She looked at him to see if he were making fun of her, but his eyes and his smile were warm. "Thank you," she said huskily; her throat was dry with fear.
Nick brought Chad from his room upstairs and held him against his chest, while his other arm held Sybille. They watched the end of the local news and the commercials at the half hour. And then, in bold jagged letters, "The Hot Seat" splashed across the screen. Sybille's body clenched into a tense knot.
On the screen, two men and a woman sat in brown leather armchairs at a round table, notepads and pencils before them. In a red leather chair sat a balding young man wearing horn-rimmed glasses and a somber tie that clutched a high, starched collar.

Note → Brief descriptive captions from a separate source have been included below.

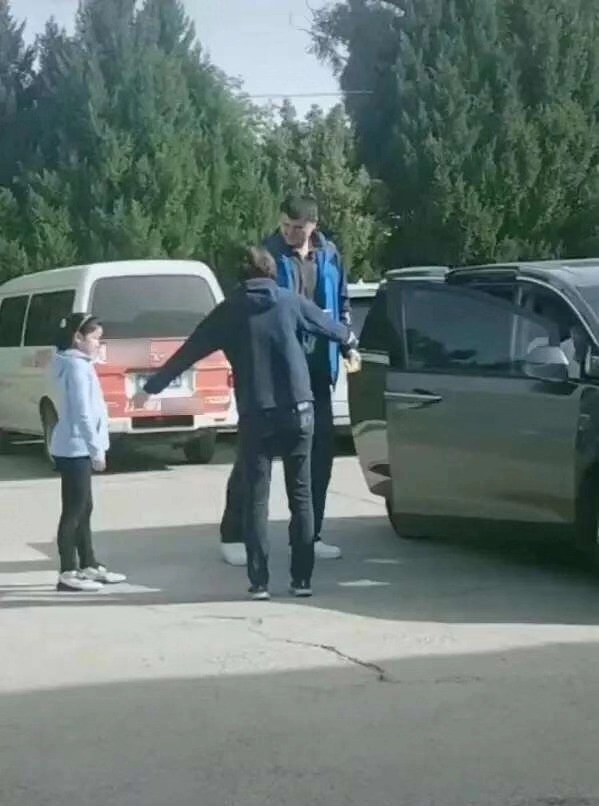 姚明13岁女儿近照曝光,姚明13岁女儿近照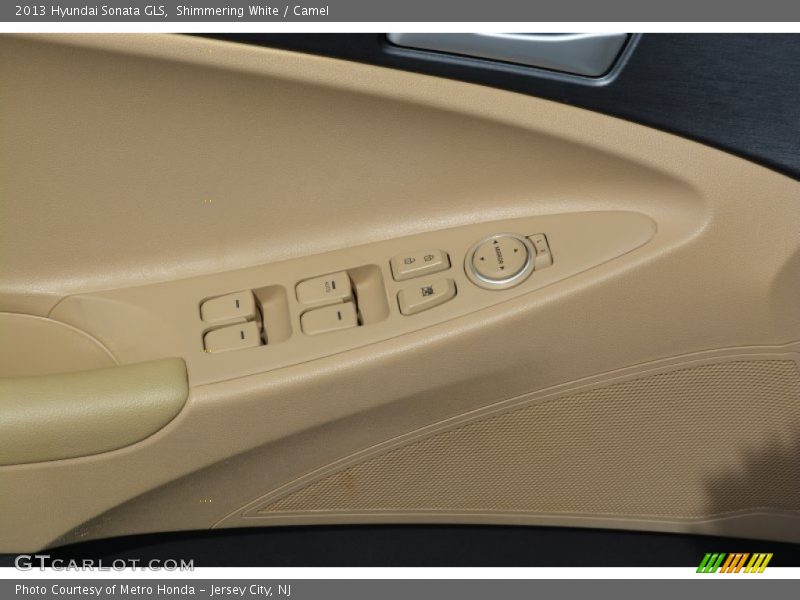 Shimmering White / Camel 2013 Hyundai Sonata GLS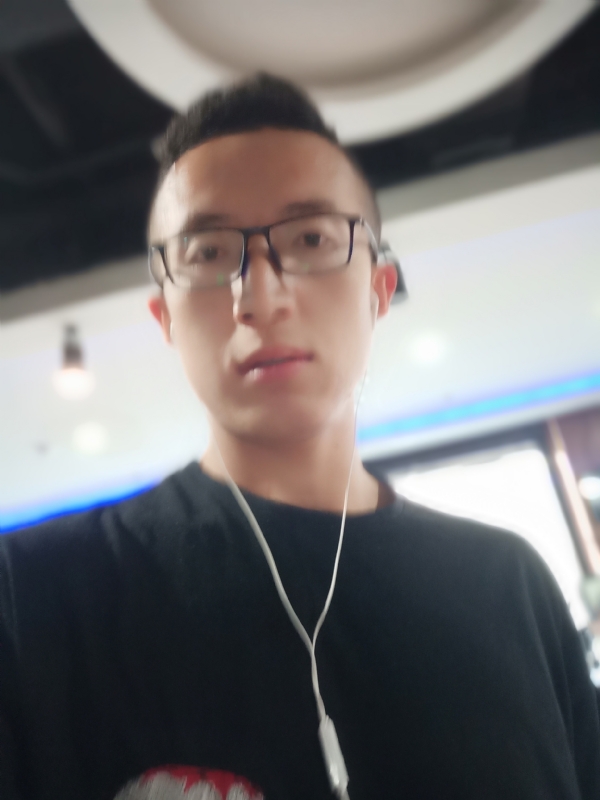 近在咫尺的第一张照片--西宁闪婚服务中心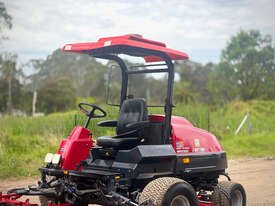 久保田男爵夫人高尔夫球道割草机草坪设备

A circle of white light pinpointed the red leather chair.
"The hot seat," murmured Nick.
Sybille smiled.
"The Hot Seat," said a deep voice as the camera moved in to the group at the table, then panned slowly around it, pausing at each of the three interrogators and the young man in the red leather chair. "The toughest place in San Jose. Where there's no hiding. No room for pretense. No escape." The camera pulled back, showing the whole group. "The Hot Seat. A discussion among equals where the truth will be found, because our questioners ask all the questions you, our audience, would ask if you were in their seats. No holds barred."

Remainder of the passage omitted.